#### EXERCISE REQUIREMENTS
Look below for the line that has "Then you're going"; output exactly from it through the line that has "It is a top-cocking", and leave the pictures out.

#### EXCERPTED RECORDS
== == ==
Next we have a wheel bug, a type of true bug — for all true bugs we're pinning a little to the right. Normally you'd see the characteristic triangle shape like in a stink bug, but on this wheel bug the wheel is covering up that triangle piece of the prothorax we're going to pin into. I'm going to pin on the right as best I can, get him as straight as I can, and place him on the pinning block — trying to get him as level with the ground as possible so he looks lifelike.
== == ==
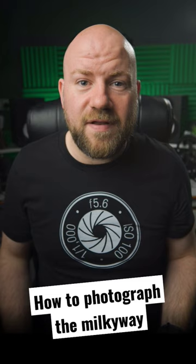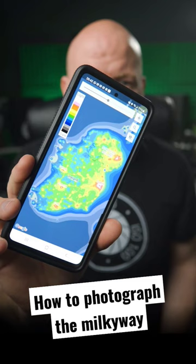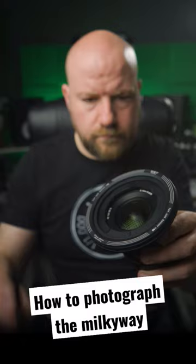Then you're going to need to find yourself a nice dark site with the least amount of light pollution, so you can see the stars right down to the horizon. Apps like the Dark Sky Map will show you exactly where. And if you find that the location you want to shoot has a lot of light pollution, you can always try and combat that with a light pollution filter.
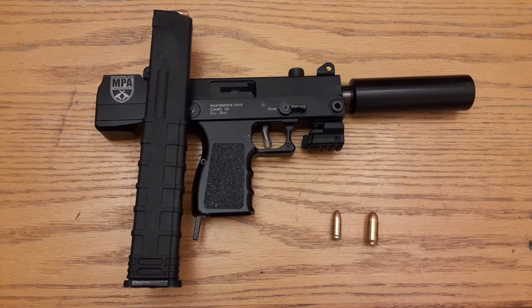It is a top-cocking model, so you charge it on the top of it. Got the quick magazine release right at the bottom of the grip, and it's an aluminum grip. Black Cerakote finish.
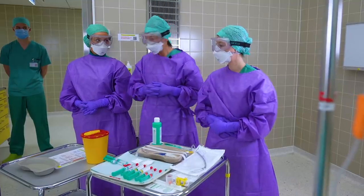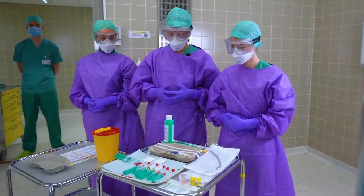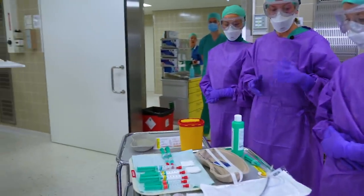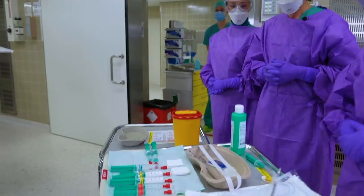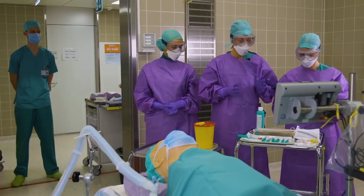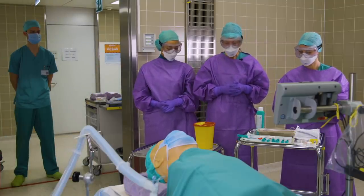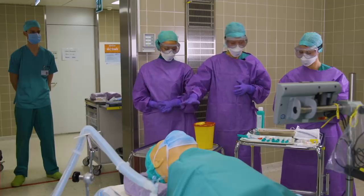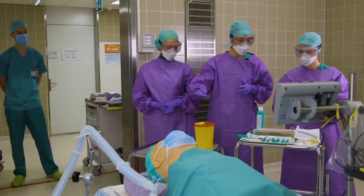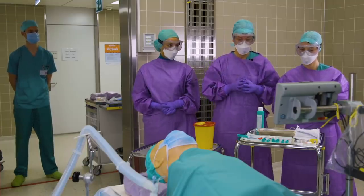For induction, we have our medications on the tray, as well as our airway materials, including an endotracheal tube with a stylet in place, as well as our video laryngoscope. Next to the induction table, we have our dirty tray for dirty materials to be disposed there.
== == ==
#### TASK RESULT
Then you're going to need to find yourself a nice dark site with the least amount of light pollution, so you can see the stars right down to the horizon. Apps like the Dark Sky Map will show you exactly where. And if you find that the location you want to shoot has a lot of light pollution, you can always try and combat that with a light pollution filter.
It is a top-cocking model, so you charge it on the top of it. Got the quick magazine release right at the bottom of the grip, and it's an aluminum grip. Black Cerakote finish.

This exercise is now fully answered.